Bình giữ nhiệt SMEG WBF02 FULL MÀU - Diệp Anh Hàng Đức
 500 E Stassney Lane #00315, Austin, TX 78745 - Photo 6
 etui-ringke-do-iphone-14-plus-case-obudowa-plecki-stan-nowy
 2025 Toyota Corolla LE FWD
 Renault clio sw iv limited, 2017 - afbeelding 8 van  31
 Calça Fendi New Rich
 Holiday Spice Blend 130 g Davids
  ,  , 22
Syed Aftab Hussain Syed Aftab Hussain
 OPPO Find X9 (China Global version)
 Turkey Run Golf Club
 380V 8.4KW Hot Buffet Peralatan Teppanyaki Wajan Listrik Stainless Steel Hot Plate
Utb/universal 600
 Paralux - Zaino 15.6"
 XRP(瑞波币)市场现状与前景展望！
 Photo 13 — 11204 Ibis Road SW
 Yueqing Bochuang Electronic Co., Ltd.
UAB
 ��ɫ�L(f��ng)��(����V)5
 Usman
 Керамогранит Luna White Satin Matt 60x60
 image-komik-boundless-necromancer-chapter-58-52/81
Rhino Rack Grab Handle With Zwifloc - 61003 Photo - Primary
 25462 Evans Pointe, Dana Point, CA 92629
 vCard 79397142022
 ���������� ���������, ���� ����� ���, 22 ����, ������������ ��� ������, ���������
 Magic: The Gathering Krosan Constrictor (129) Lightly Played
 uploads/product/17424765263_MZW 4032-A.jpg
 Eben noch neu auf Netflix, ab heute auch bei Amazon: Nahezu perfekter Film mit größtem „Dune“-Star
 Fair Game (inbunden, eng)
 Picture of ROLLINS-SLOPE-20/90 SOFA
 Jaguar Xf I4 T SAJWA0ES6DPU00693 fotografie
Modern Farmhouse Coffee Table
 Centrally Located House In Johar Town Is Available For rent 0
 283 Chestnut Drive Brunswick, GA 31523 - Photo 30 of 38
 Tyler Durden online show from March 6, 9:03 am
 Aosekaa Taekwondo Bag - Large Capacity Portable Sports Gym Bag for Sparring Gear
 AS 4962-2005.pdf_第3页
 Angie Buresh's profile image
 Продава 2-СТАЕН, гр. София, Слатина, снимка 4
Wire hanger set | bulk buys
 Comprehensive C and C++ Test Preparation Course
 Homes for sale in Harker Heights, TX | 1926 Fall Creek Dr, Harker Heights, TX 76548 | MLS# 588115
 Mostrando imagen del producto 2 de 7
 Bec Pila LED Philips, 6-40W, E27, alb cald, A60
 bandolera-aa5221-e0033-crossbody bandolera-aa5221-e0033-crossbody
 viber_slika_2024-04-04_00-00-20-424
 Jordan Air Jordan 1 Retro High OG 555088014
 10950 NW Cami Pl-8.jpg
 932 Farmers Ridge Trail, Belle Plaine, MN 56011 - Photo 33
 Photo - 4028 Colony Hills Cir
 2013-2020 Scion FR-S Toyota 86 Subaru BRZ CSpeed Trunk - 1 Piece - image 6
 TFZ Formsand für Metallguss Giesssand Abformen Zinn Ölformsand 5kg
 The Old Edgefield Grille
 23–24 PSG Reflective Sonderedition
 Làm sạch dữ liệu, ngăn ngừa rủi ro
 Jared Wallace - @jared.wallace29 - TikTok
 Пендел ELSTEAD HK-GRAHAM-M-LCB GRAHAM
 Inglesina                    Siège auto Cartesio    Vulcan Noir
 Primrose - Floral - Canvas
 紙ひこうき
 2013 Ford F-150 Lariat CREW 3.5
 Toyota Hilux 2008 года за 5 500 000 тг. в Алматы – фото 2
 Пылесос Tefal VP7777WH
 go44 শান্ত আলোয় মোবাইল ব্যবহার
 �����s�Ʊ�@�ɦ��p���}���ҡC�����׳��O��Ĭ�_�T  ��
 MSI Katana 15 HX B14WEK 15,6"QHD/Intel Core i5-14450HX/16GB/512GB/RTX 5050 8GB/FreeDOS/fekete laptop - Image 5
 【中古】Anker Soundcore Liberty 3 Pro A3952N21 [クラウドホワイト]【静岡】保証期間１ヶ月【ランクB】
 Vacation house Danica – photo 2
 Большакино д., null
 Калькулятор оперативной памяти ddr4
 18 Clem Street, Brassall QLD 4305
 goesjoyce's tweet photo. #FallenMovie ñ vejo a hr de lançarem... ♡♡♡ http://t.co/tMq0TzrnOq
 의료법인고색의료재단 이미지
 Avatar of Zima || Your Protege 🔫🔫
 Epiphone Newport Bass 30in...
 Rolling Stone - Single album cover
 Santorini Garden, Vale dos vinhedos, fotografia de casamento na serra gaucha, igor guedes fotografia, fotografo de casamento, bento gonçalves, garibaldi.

....

__EXERCISE GOAL__: Using the entries above, extract exactly the span from the line with "viber_slika_2024-04-04_00-00-20-424" to the line with "Photo - 4028 Colony Hills Cir", both lines included; leave out everything else.

__THE ANSWER__:
 viber_slika_2024-04-04_00-00-20-424
 Jordan Air Jordan 1 Retro High OG 555088014
 10950 NW Cami Pl-8.jpg
 932 Farmers Ridge Trail, Belle Plaine, MN 56011 - Photo 33
 Photo - 4028 Colony Hills Cir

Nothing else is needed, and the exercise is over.